Exercise details.
Your answer should be the lines below from the one holding "West Ham United" through the one holding "Custom France South", copied exactly and with nothing else.

Source data.
_ _ _ _ _

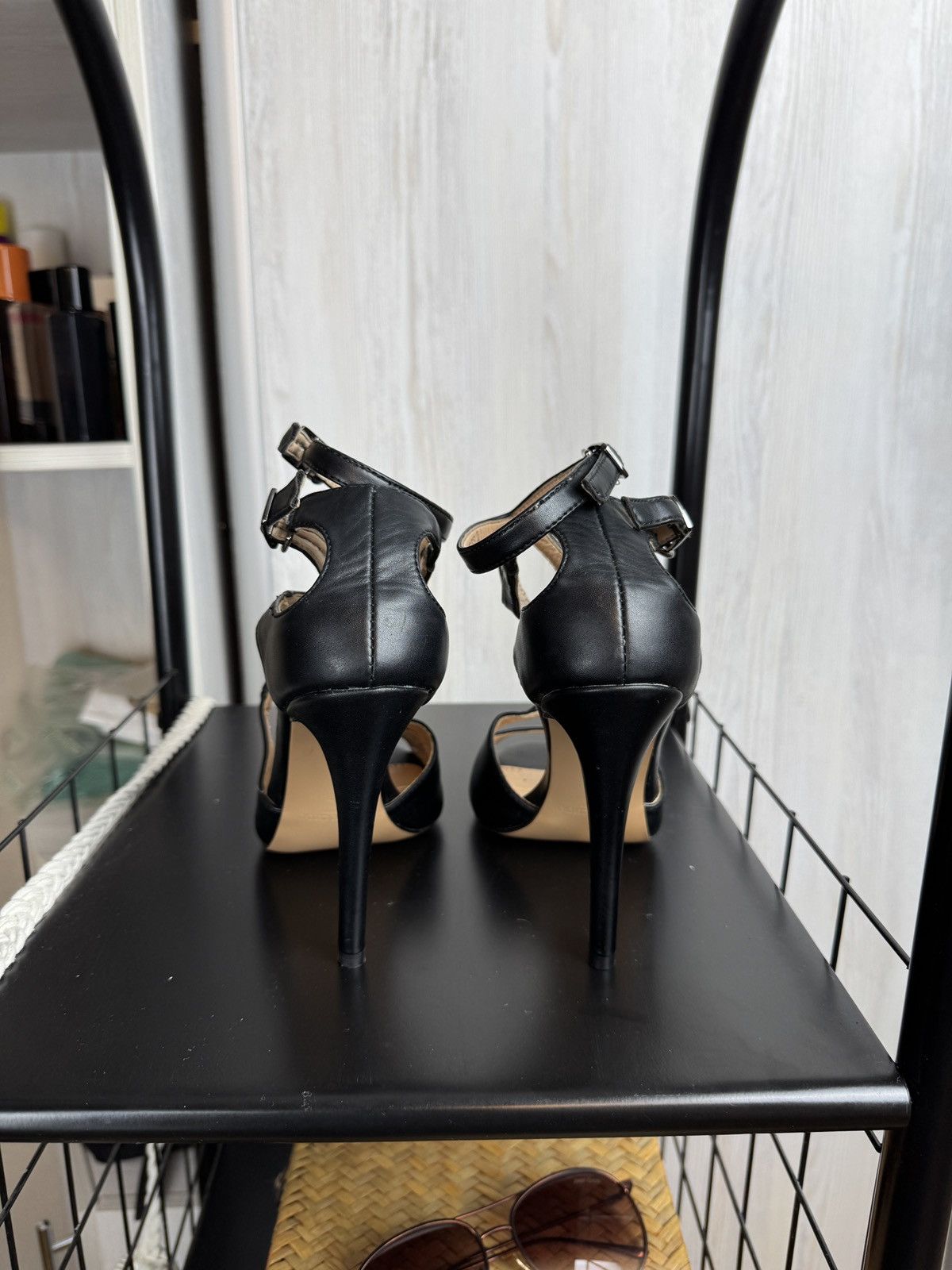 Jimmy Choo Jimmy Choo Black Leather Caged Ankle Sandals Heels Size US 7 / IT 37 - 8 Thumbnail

_ _ _ _ _

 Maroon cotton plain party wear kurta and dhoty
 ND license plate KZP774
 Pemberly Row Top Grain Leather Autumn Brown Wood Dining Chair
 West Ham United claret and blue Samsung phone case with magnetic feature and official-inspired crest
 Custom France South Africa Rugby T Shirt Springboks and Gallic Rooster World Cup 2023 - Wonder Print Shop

_ _ _ _ _

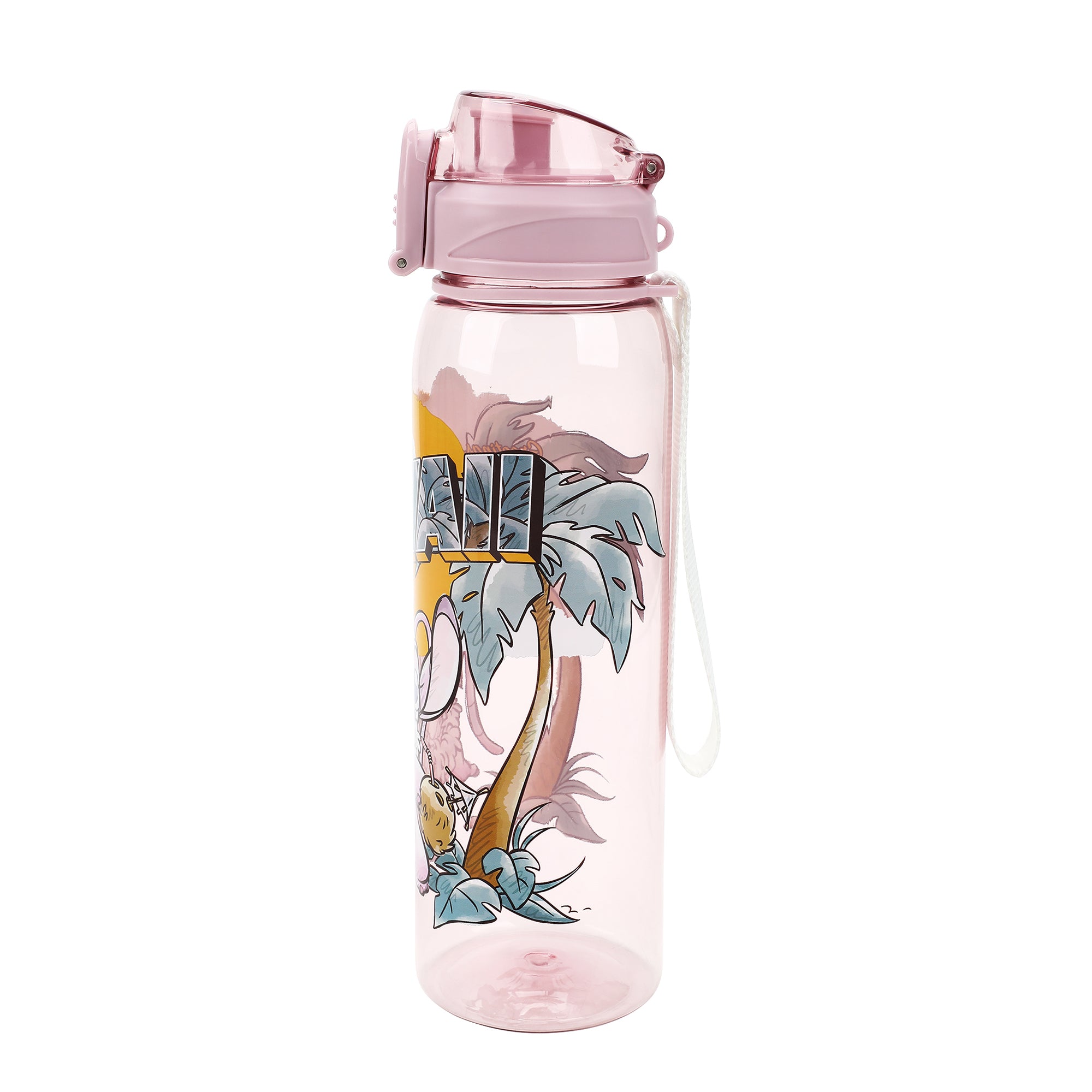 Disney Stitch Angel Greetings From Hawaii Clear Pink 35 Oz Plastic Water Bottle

_ _ _ _ _

Solved exercise.
 West Ham United claret and blue Samsung phone case with magnetic feature and official-inspired crest
 Custom France South Africa Rugby T Shirt Springboks and Gallic Rooster World Cup 2023 - Wonder Print Shop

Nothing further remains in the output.